More VW executives charged over Dieselgate in Germany
17 January 2020
17 January 2020
Prosecutors in Germany have charged six Volkswagen Group (VW)Â managers with fraud as the Dieselgate scandal refuses to go quietly.
The executives, who have not been named, have been charged with ′deliberately misleading’ authorities and customers in the time before the diesel scandal broke, by failing to disclose the existence of cheat devices. These were discovered on vehicles undergoing tests in the US, although the company has recalled thousands of vehicles globally to remove the technology.
Roadworthy questions
In an 876-page indictment, three executives are accused of having ″knowingly and willingly participated in the development, refinement and improvement of manipulation software″. Three others ″aided and abetted″ those acts.
The charges are similar to those levelled against former VW chief executive Martin Winterkorn and four other employees last year.
In a statement, public prosecutors in Braunschweig, close to VW’s headquarters, said that there were nine million vehicles illegally registered for road use in the years before the Dieselgate affair was made public.
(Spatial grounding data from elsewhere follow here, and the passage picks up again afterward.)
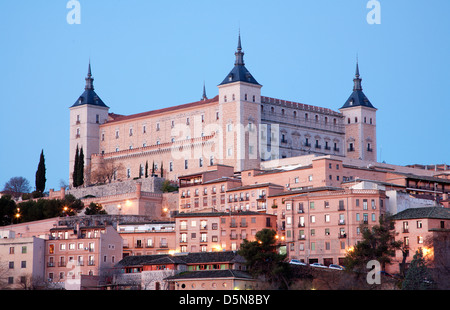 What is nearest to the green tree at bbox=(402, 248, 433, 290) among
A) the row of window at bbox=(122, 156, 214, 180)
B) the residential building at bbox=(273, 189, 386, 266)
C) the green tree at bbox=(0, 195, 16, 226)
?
the residential building at bbox=(273, 189, 386, 266)

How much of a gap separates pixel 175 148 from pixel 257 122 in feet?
36.6

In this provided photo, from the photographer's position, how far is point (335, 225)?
85.1m

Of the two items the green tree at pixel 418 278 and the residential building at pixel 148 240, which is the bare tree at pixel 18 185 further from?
the green tree at pixel 418 278

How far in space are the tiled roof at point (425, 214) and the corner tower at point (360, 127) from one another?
1544 inches

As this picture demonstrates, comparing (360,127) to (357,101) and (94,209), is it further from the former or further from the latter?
(94,209)

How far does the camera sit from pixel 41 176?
121m

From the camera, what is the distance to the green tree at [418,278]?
71625 millimetres

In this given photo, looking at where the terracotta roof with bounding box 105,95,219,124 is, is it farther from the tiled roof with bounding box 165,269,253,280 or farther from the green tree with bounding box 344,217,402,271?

Vehicles in Germany were also wrongly exempted from road tax, the prosecutors claimed.
VW said the carmaker would not comment on investigations against individuals.
Moving on
The carmaker is attempting to move on from the Dieselgate scandal and is focusing on growing its electric vehicle (EV) share, with the launch of its first mass-market model, the I.D 3. However, while it works hard to promote itself as a clean and ethical company, with plans also including moving to a carbon-neutral production model, external factors keep hampering these efforts.
Volkswagen was fined a total of €1.2 billion by German prosecutors in 2018, considerably smaller than the total $30 billion (€25.8 billion) that was levied on the German manufacturer by US Government authorities, who found the company guilty of emissions fixing.
Early last year, a Prague district council granted a number of Czech drivers of Skoda and Volkswagen vehicles compensation amounting to 533 million Czech Koruna (€20.8 million) concerning the scandal. In one of the UK’s biggest class-action lawsuits, a court said Volkswagen Group engaged in an ′obvious cheat’ when it allegedly fitted emissions-cheating devices to vehicles. The case is representing over 90,000 drivers in the country.
Another class-action lawsuit is pending in Germany, although this is currently being held up by paperwork. The Federal Office of Justice (FoJ) had been expecting around 33,750 claims from disgruntled drivers of VW cars affected by the emissions cheating debacle in 2015. However, it has been inundated with almost half a million claims.
The scandal is not just related to VW; however, with Daimler also paying out over the fitting of cheat devices. The carmaker is facing a lawsuit from its own investors over the situation, with those involved citing a drop in the share price, due to the company’s denial of wrongdoing, as impacting their funding.